Ipsedixitism  from the Latin ipse dixit, “he himself said it”  describes the fallacy of asserting something as true simply on the authority of the speaker, without evidence, argument, or justification. Jeremy Bentham coined the term specifically to expose the political habit of declaring issues closed by the weight of who is asserting them rather than by the quality of what is being argued. The claim stands not because it has been demonstrated, but because he said so, and he is powerful enough that no one has yet made him defend it.

Abiy Ahmed’s Red Sea “sovereign access” doctrine is ipsedixitism in perhaps its most politically charged modern form. The claim  that Ethiopia has a natural, civilizational, historical right to Eritrea’s coastline and that Eritrea’s internationally recognized sovereignty over that coast is itself a kind of injustice requiring correction  carries no foundation in international law, no basis in the post-independence order, and no legitimacy under the Algiers Agreement. It is simply declared, repeatedly and forcefully, with the expectation that force of repetition substitutes for force of argument. The more it is said, the more it sounds like a truth rather than an aspiration dressed up as destiny.

The rhetorical strategy works domestically because it traffics in emotion rather than evidence. It tells a nationalist audience a story they want to believe: that Ethiopia was once whole, that its access to the sea was taken, and that restoring it is not aggression but restoration. Nobody is asked to examine the legal record. Nobody is invited to interrogate whether the border was internationally arbitrated. The assertion does the work that argument would otherwise need to do.
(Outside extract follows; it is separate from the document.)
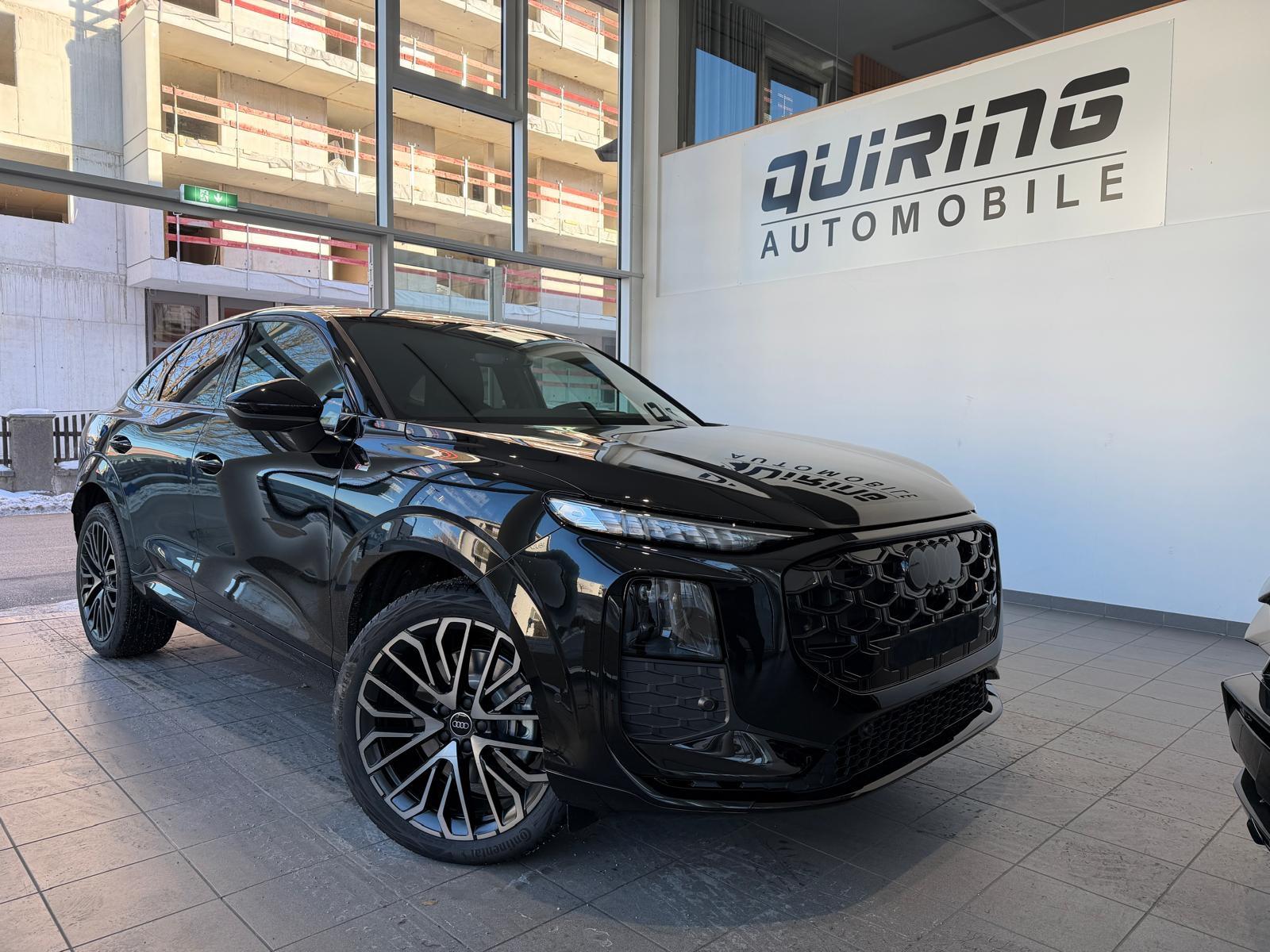 Audi Q3 quattro SPORTBACK 142 kW/sw-sw/MMIpr/Tech+/20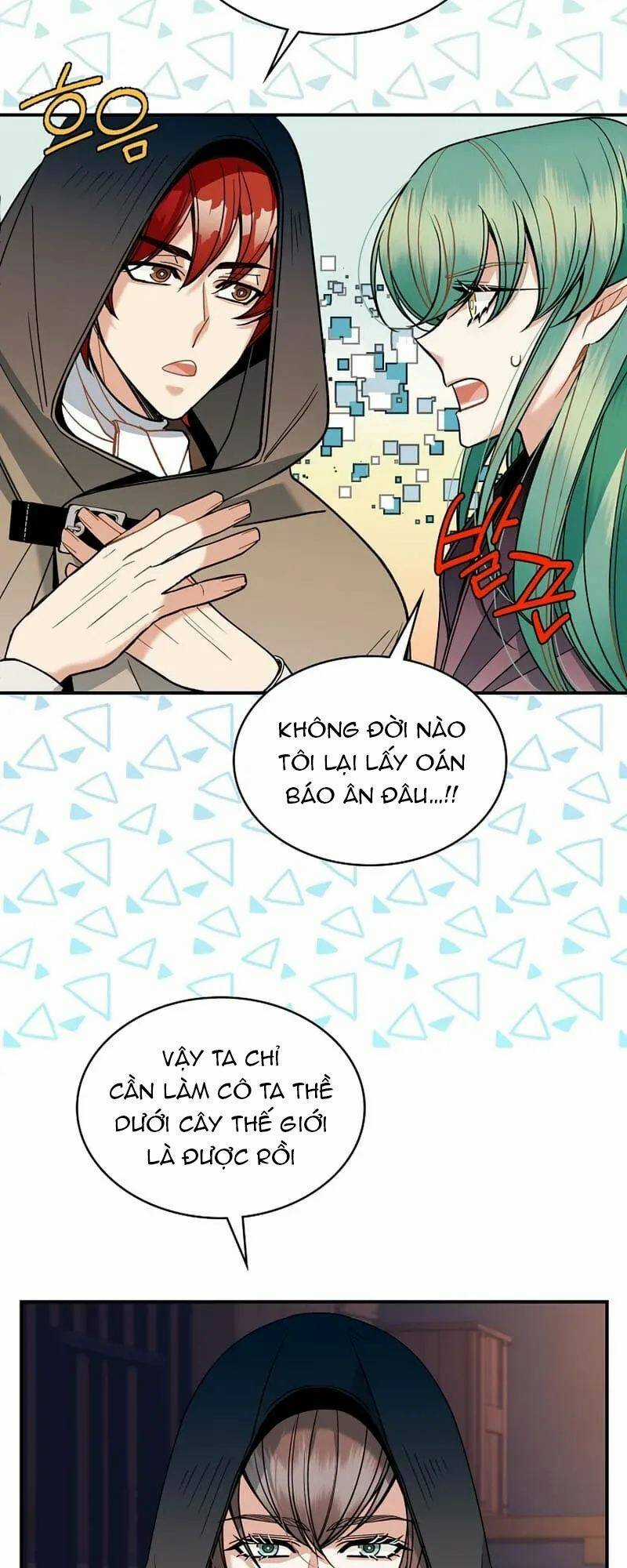 Cứu Rỗi Cuộc Đời Công Tước Chapter 33 trang 56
But asserted loudly is not the same as established factually. And this is precisely where the Ximdo model operates as a strategic counter — not by winning a rhetoric contest, but by building a counter-reality on the ground that makes the ipsedixitism increasingly hollow. When Tigrayan communities cross the Zalambessa border to reunite with Eritrean families, they are not debating international law. They are producing lived evidence that the narrative of Eritrea as an obstacle to regional destiny does not match the actual human terrain. When 700 Eritreans carry grain to displaced families in Sheraro, they are performing a different story entirely — one that no government press release can easily overwrite. When Afar communities along the Dankalia coast remain stable and integrated, absent of the insurgent infrastructure that Ethiopian proxy strategy would require, the operational premise of the sovereign access campaign is quietly undermined at the base.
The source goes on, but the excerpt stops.